Geese overcome early deficit to assume lead.

Illustration by Kate Feiffer.

The 2018 Goose Season is well underway, and for many Islanders that means nothing less than open warfare. For those Vineyarders living near water, the images are all too familiar: sharp-beaked, long-necked, birdlike creatures waddling from yard to yard in pairs — or worse, gaggles — digging away at the emerging grass, and pooping one-third of their body weight every day.

Plus they think they own the place.

For one such Island family — which chooses to remain anonymous for fear of reprisals — the battle is personal. “They have it in for me,” said Mr. X of Oak Bluffs. “Maybe it’s all the goose egg addling I did in the early 2000s. Or they could be mistaking me for our neighbor, who tries to run them down with his car. Either way, it’s not fair.”

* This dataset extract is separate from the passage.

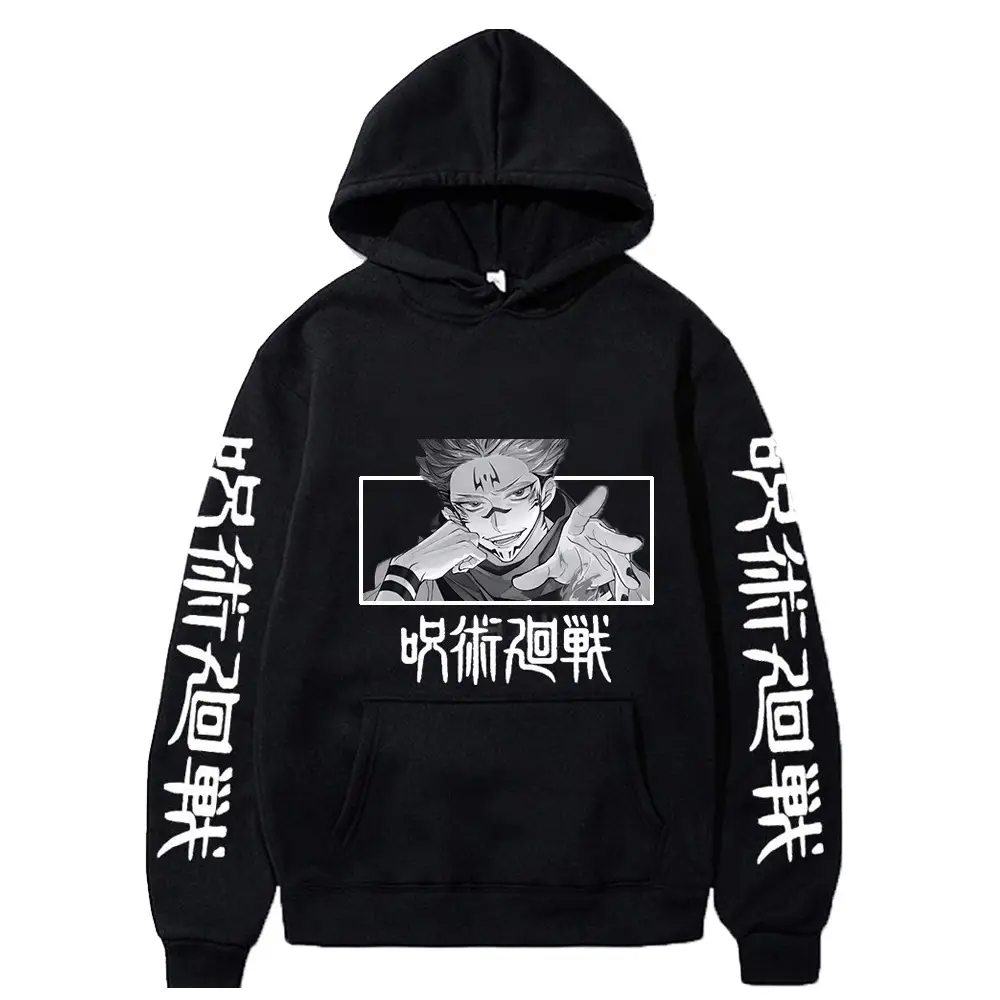 Anime Hooded Vest Black Cartoon Print Men Women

Bottom line: For Mr. X and his wife, the 2018 season has been a crushing disappointment.

“We looked at a lot of film this winter, and made some game plan adjustments,” he said. “We had a big lead on Opening Day, and were feeling good about ourselves. It’s been downhill ever since.”

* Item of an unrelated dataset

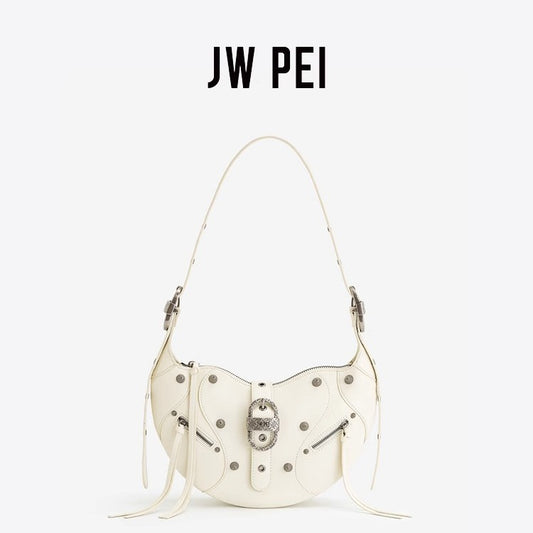 Wax Leather Croissant Large Capacity Motorcycle Underarm Armpit Bags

We were interrupted by a ruckus on the far side of the house. “That’s Sector Six!” shouted Mr. X. Grabbing a nearby rake, he sprinted around the corner and out of sight. Moments later he reappeared, breathing heavily and scraping a foul-looking substance off the the bottom of his sneaker with a stick. “My wife has it under control,” he said.

“Can you tell us more about the off-season adjustments?” we asked.

“Yes I can,” he responded somberly. “When the motion-activated slingshot installation failed last year ,we knew we had to do something radical. Plan A was a 20-foot wall surrounding the entire property. When the Canadian government refused to pay for it, we went to Plan B: LAME.”

“I beg your pardon?”

“LAME. Lattice and Miscellaneous Equipment. I can show you.”

With his eyes glued to the ground, Mr. X led us to the southern side of the property, where an impressive, if unlikely, collection of items dominated the landscape. Two trash barrels, four pieces of lattice, a horizontally placed stepladder, various piles of branches and dead vine, and eight brightly colored bungee cords were strategically arranged to form a barrier approximately 60 feet in length.

“My goodness!” we proclaimed. Mr. X appeared not to hear. “It’s not working,” he said to no one in particular. “They’re getting in somewhere.” We realized he was speaking again, and leaned closer. “One-third their body weight,” he murmured. “Eight pounds per bird per day.”

There was a pause while this image sunk in. “How has the losing streak affected household morale?”

Mr. X sighed. “There’s been some finger-pointing,” he conceded. Another pause. “We just need to stay within ourselves and take it one goose at a time.”

Encouragingly, we asked if there were other equipment options being considered. “Well … that’s a problem. The truth is, we can’t get out. The whole property’s barricaded. Look what happened when I tried to sneak through the lattice in Sector Nine this morning.” He held up his right hand revealing a two-inch gash. “Those lattice staples are nasty,” he observed.

At that moment, his eyes fell on a goose that had waddled around the corner of the house. Brandishing the rake, he spun and charged at the new arrival. “You again!” he shrieked. “I remember you from last year. Out! Get out! And don’t come back!”

We took this opportunity to head over to Section Nine in search of an opening.